Task to complete: Below are entries; copy exactly, and only, the lines from the one containing "Crocs Saturday Metallic" through their final line, leaving out pictures.

Extracted records
========================================================================

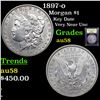 1897-o Morgan Dollar $1 Graded Choice AU/BU Slider By USCG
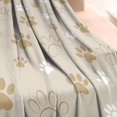 thumbnail image 3 of Dog Paw Footprint Blanket,Comfortable Soft Flannel Throw Blanket,All Season,Warm Lightweight Blankets for Sofa Bed Couch Living Room Chair,60"x80"(150x200cm), 3 of 4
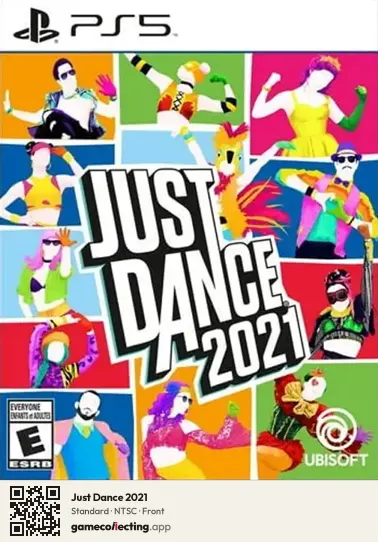 Just Dance 2021 PlayStation 5, NTSC box front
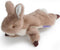 Fuzzwoof No-Stuffing Bunny Squeaky Dog Toy, Cute Plush Puppy Teething Toy to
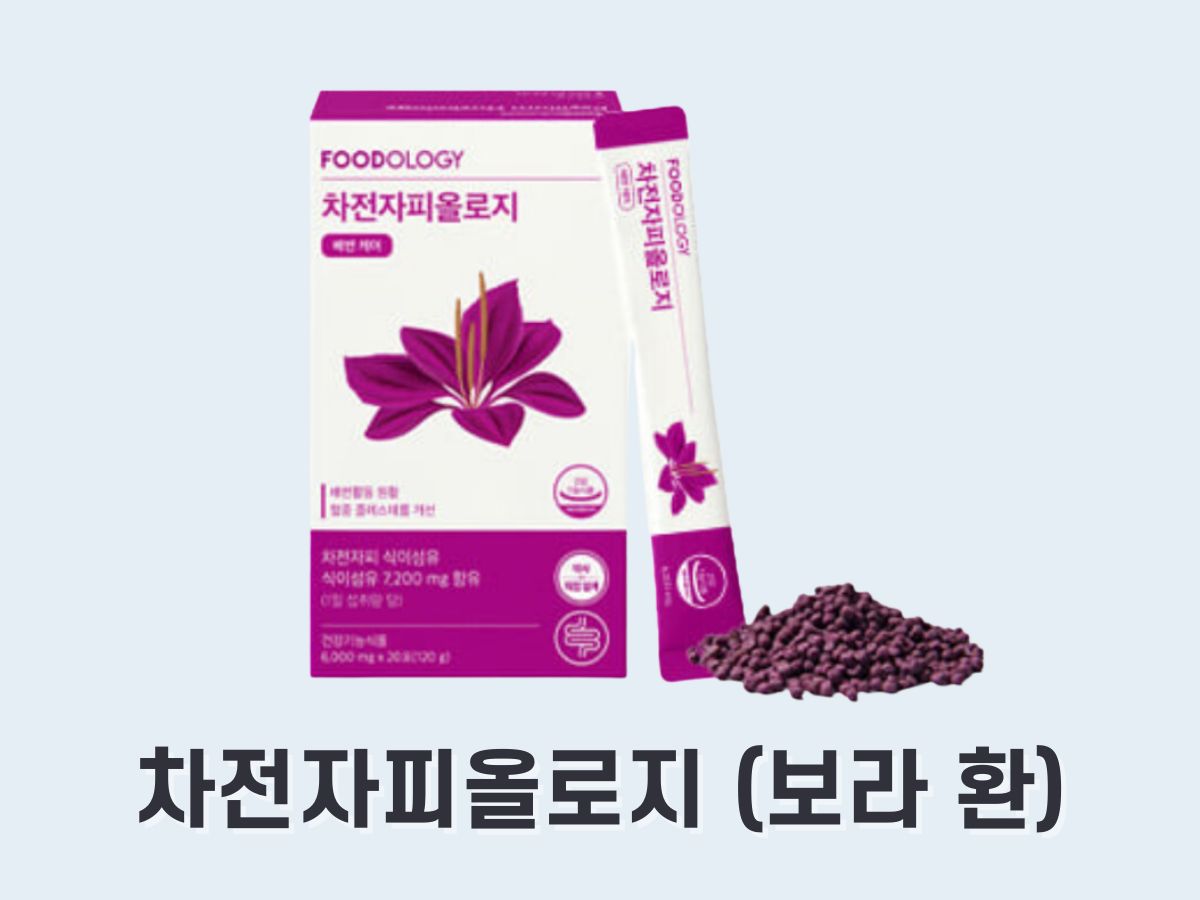 차전자피올로지 (보라 환 다이어트)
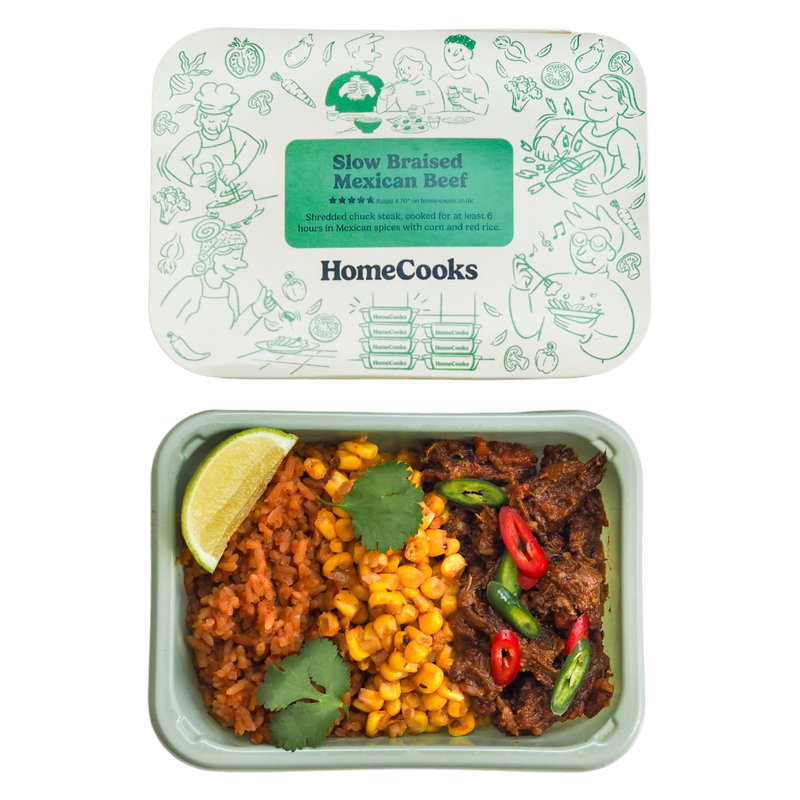 HomeCooks Slow Braised Mexican Beef - By Chef Gabriela, 425g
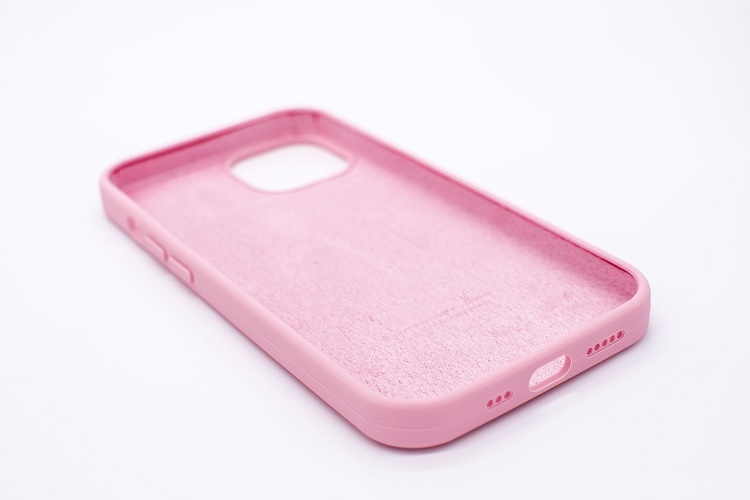 Чехол силиконовый гладкий Soft Touch iPhone 13 mini, розовый №6 (закрытый низ)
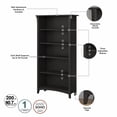 thumbnail image 2 of Bush Furniture Salinas Tall 5 Shelf Bookcase in Vintage Black, 2 of 4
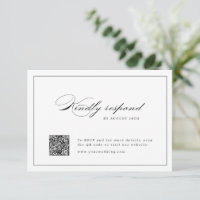 Script d'élégance classique mariage de code QR sim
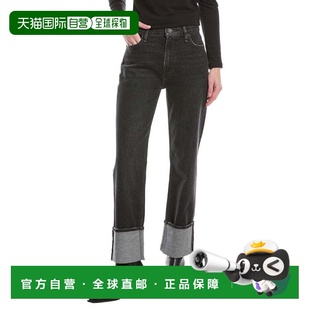 自营HUDSON Jeans Remi High-Rise Washed Black Ankle Jean - bl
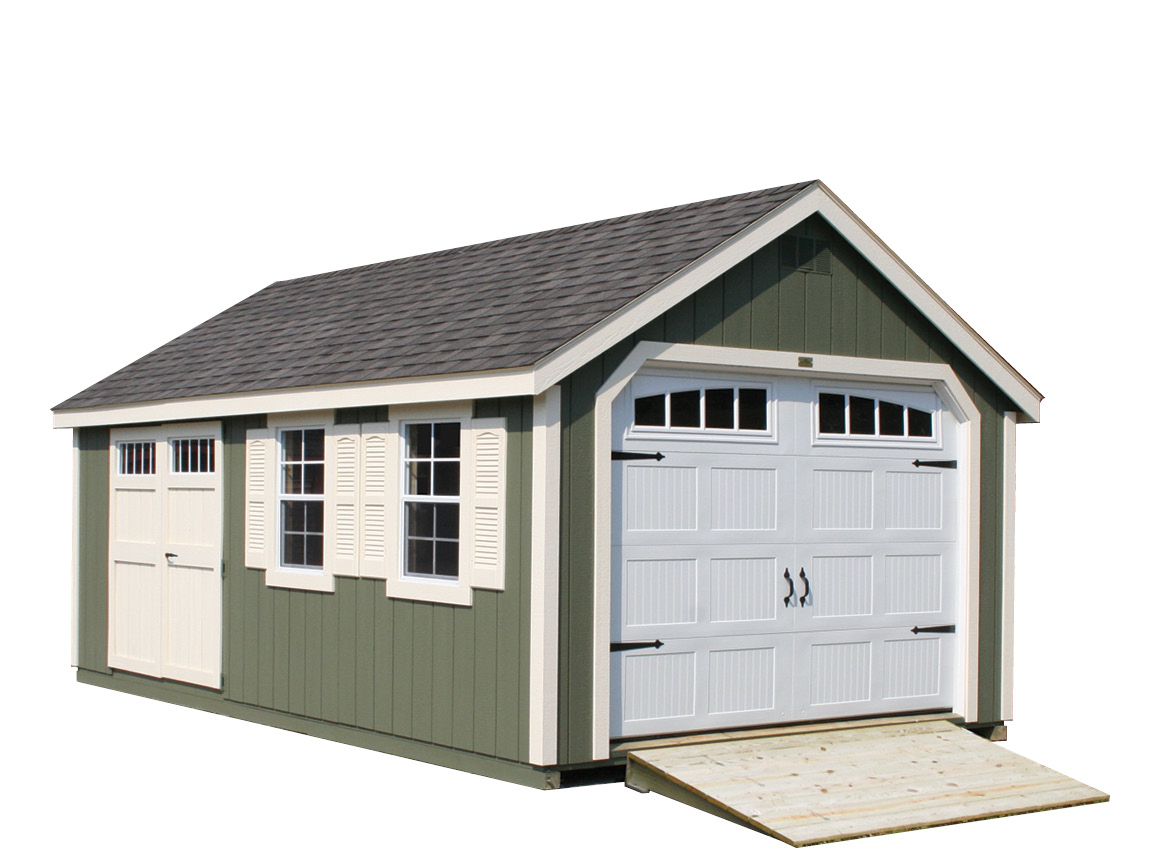 New England Cape Garage T111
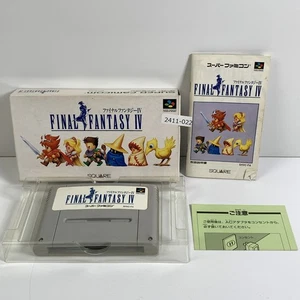SNES Final Fantasy 4 IV Boxed Working NTSC-J Japan 2411-022 - Picture 1 of 7
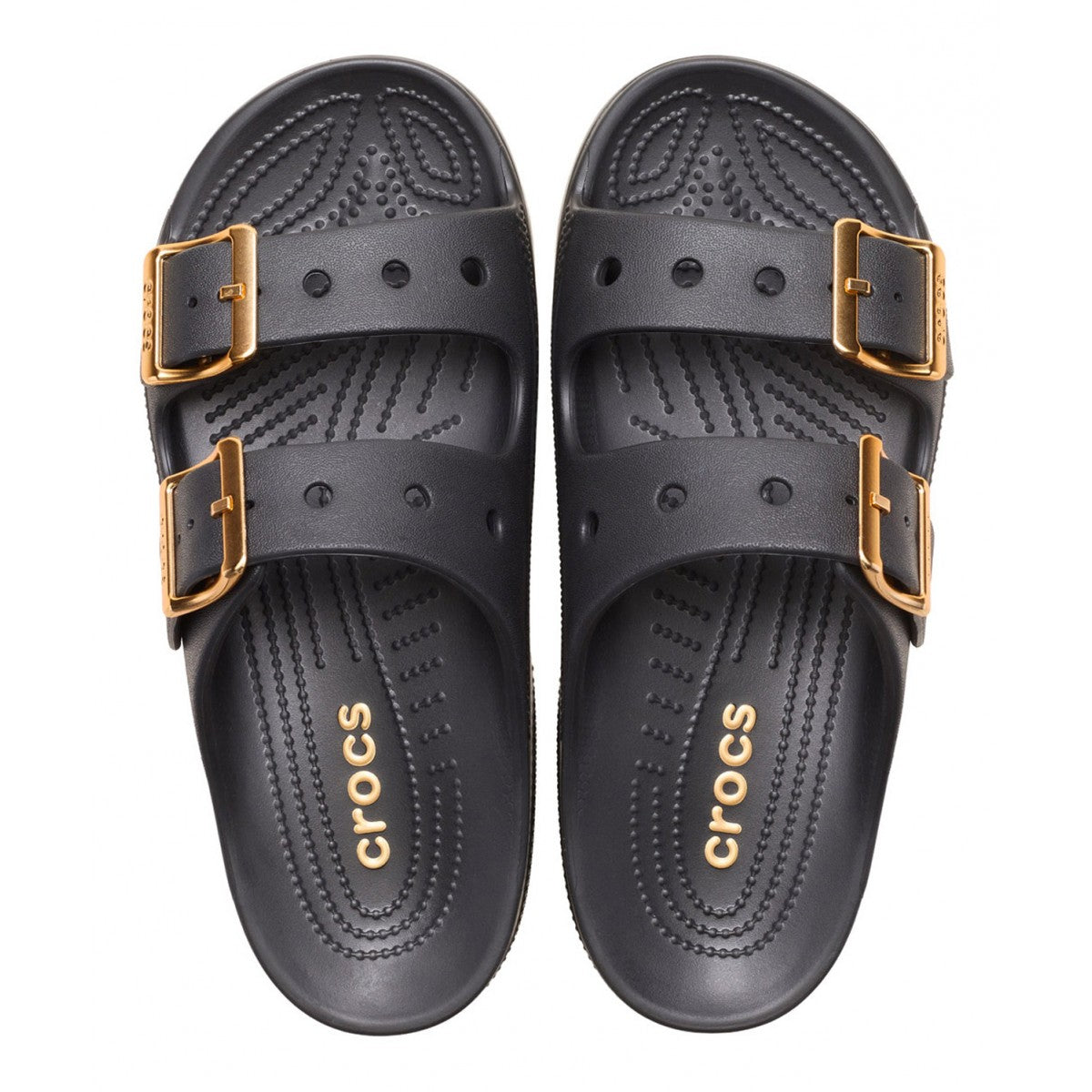 Crocs Saturday Metallic Buckle Sandal 213316-001 Black — Sandalo Donna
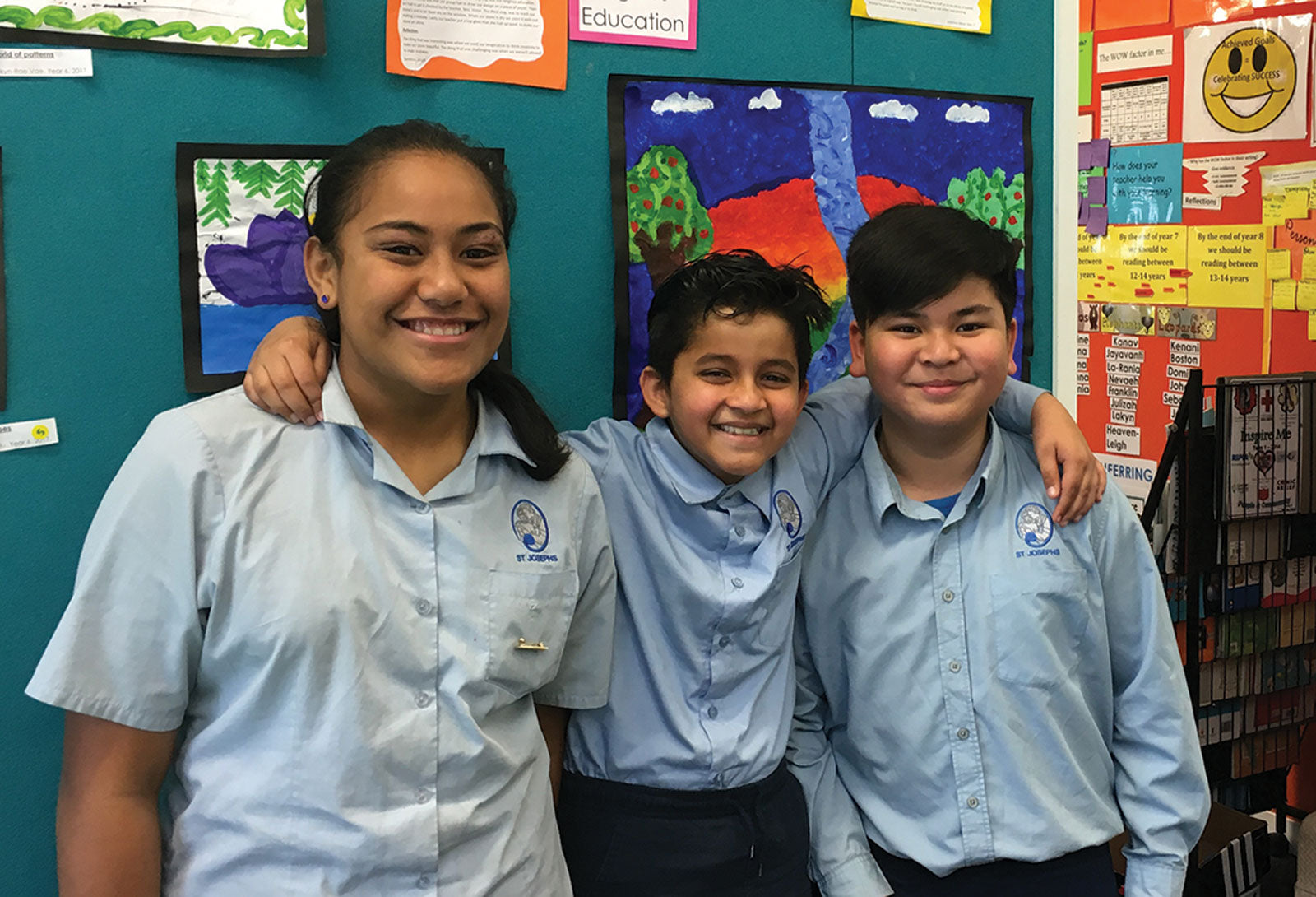 p73 St Josephs Students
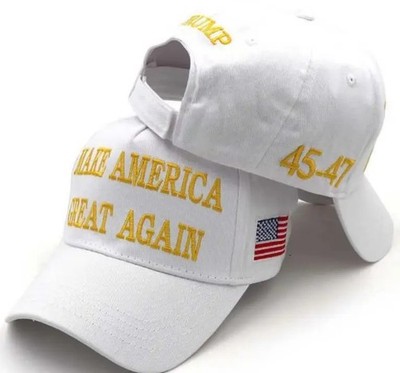 Official Donald Trump 2025 45-47 MAGA Hat - Make America Great Again Slogan HOT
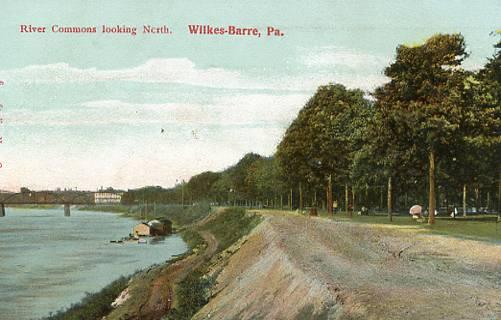 PA - Wilkes-Barre, River Commons Looking North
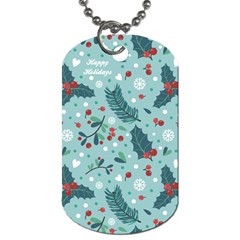 Seamless-pattern-with-berries-leaves Dog Tag (one Side) by Amaryn4rt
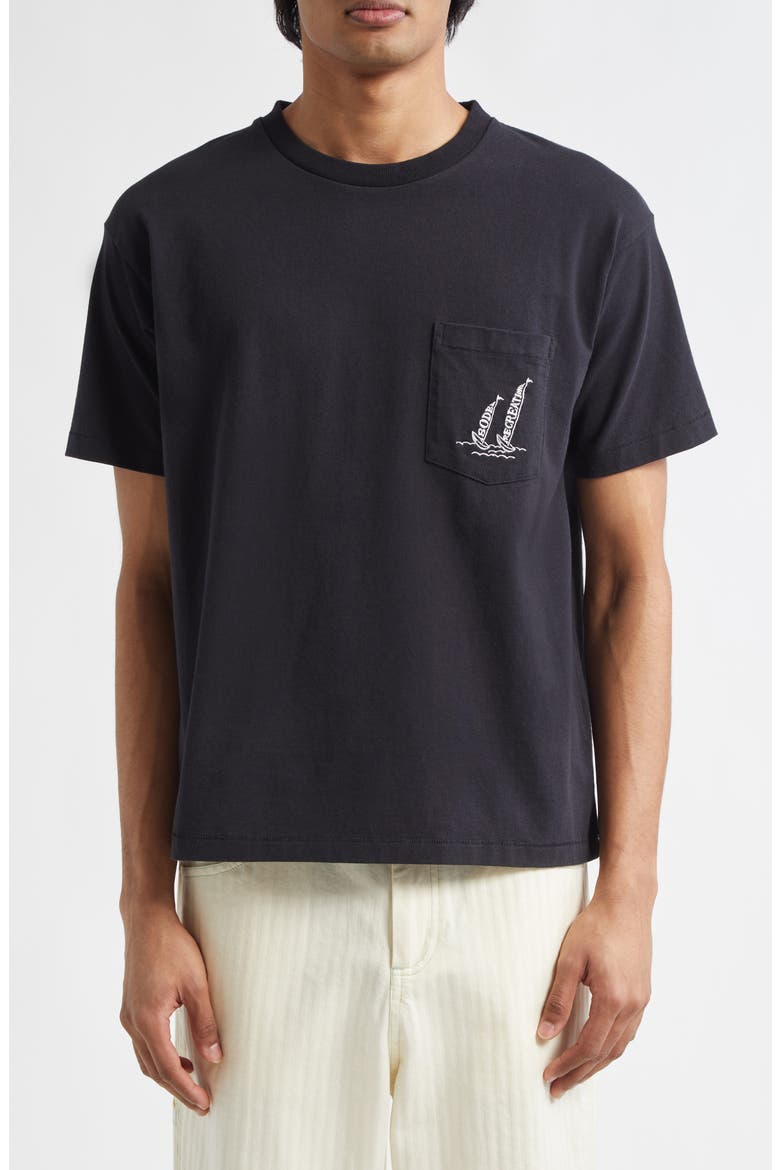 Recreation Sails Pocket T-Shirt, Main, color, BLACK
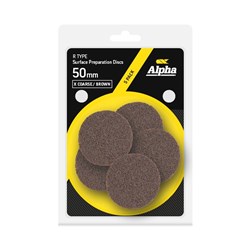 Surface Prep Disc R Type 50mm X Coarse / Brown Carded (Pk 5)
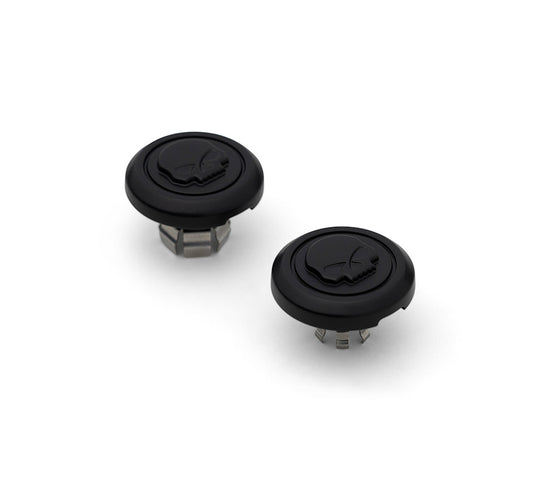 43000317 - Harley-Davidson® Willie G Skull Front Axle Nut Covers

========================================================================

Answer box:
 Crocs Saturday Metallic Buckle Sandal 213316-001 Black — Sandalo Donna
 p73 St Josephs Students
 Official Donald Trump 2025 45-47 MAGA Hat - Make America Great Again Slogan HOT
 PA - Wilkes-Barre, River Commons Looking North
 Seamless-pattern-with-berries-leaves Dog Tag (one Side) by Amaryn4rt
 Recreation Sails Pocket T-Shirt, Main, color, BLACK
 Surface Prep Disc R Type 50mm X Coarse / Brown Carded (Pk 5)
 43000317 - Harley-Davidson® Willie G Skull Front Axle Nut Covers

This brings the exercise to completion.